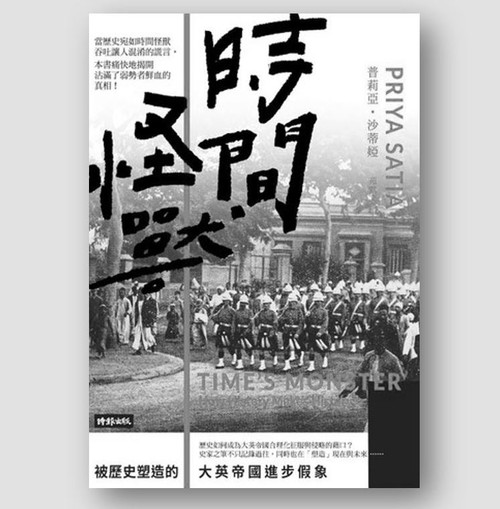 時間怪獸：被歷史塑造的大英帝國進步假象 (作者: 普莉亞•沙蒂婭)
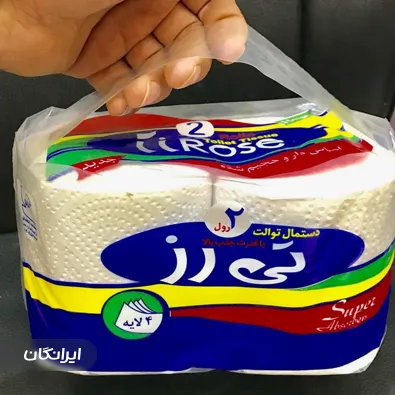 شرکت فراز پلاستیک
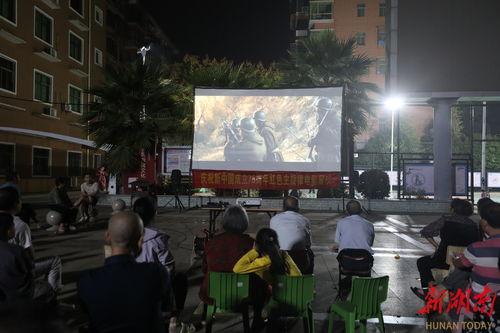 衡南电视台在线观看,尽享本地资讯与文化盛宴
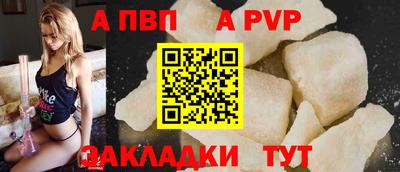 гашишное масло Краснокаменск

=-=-=-=-=

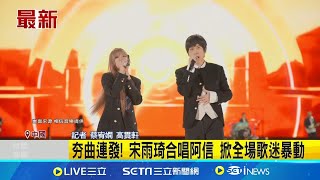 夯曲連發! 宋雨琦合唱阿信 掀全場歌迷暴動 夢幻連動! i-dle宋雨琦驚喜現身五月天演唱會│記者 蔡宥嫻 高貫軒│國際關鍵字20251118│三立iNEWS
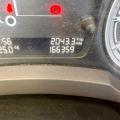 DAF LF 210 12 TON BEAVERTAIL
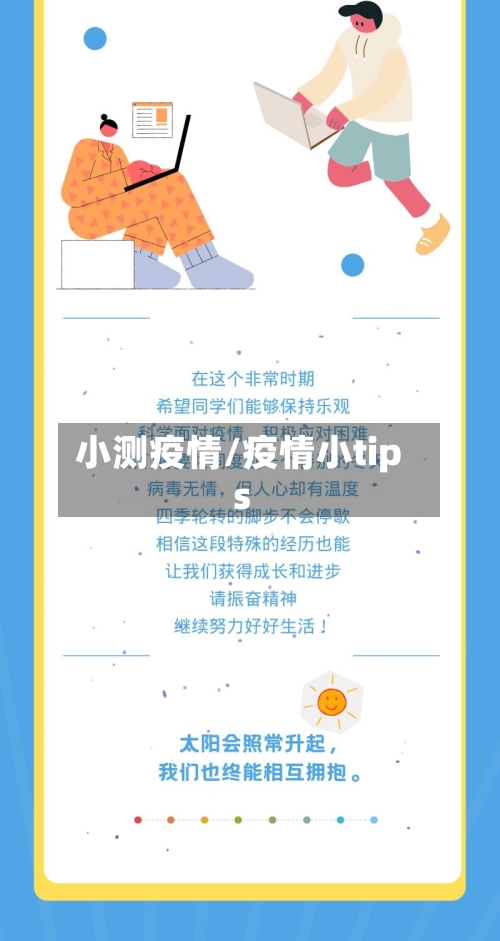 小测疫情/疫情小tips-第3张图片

=-=-=-=-=

From the records above, copy exactly the stretch from the line holding "شرکت فراز پلاستیک" through the line holding "гашишное масло Краснокаменск", both ends included, without the pictures.

 شرکت فراز پلاستیک
 衡南电视台在线观看,尽享本地资讯与文化盛宴
 гашишное масло Краснокаменск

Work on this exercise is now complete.